Exercise data -

::::::::::

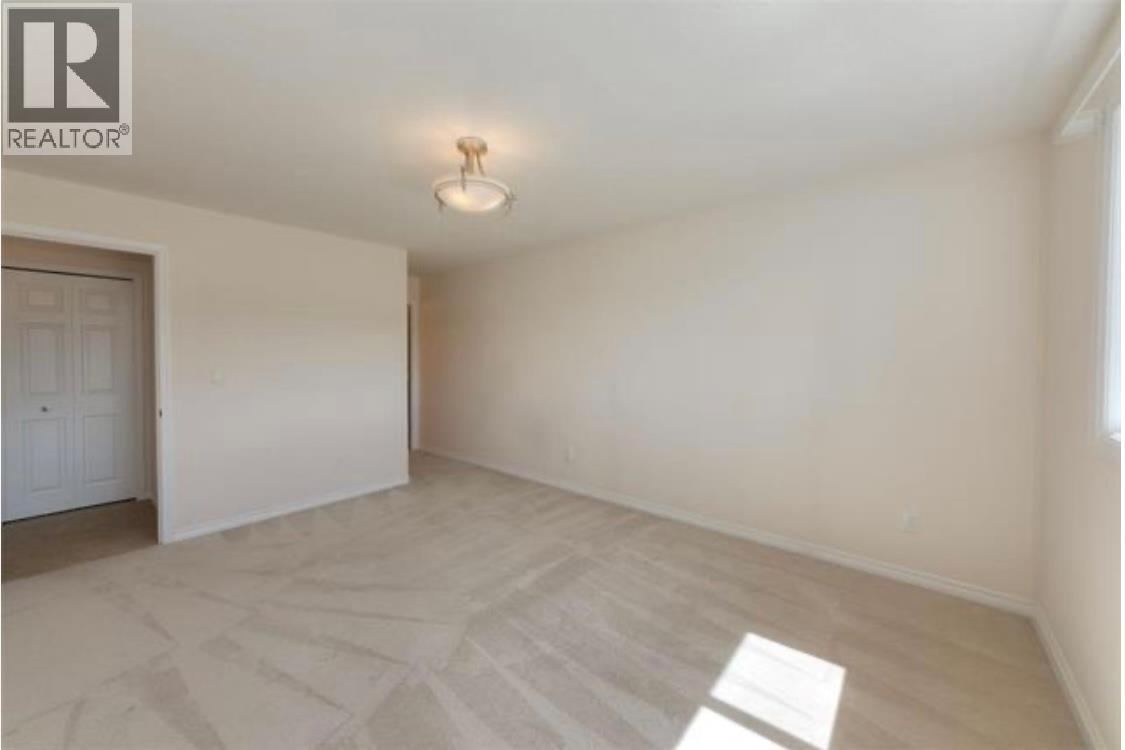 1967 Underhill Street Unit# 604, Kelowna, British Columbia  V1X 8C9 - Photo 13 - 10367207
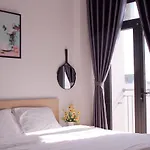 Cozy Apartment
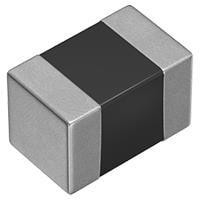  MMZ2012Y121BTD25 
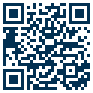 Composite Video Signal QR Kod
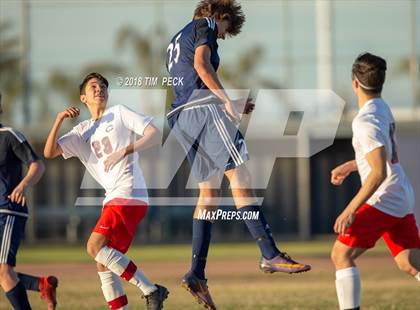 Thumbnail 2 in JV: Centennial @ Marina photogallery.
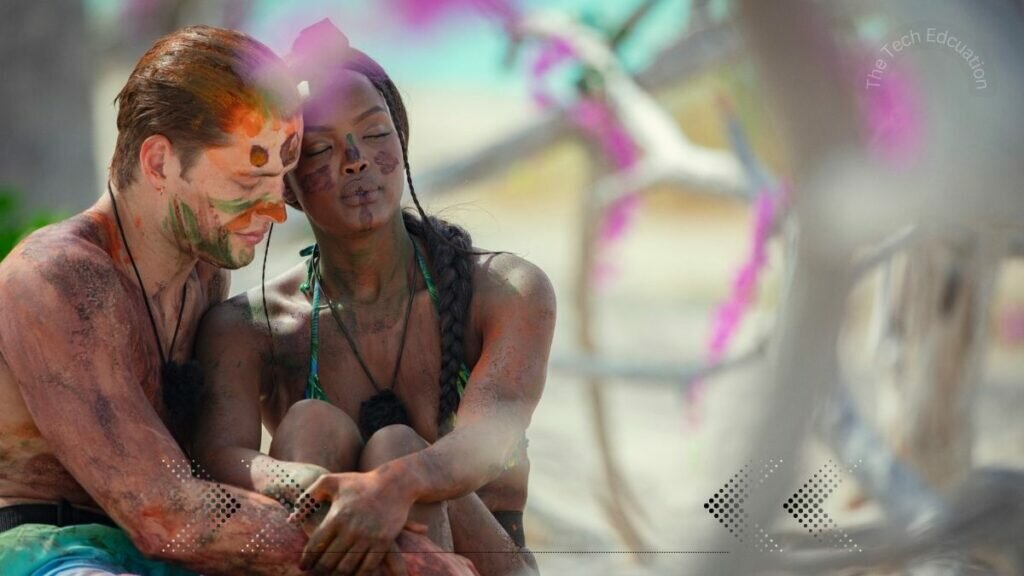jawahir and nick still together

::::::::::

Problem - Begin with the line that contains "Cozy Apartment" and repeat every line through the end of the data, exactly and only those lines, leaving out the pictures.

Solution to this task -
 Cozy Apartment
  MMZ2012Y121BTD25 
 Composite Video Signal QR Kod
 Thumbnail 2 in JV: Centennial @ Marina photogallery.
jawahir and nick still together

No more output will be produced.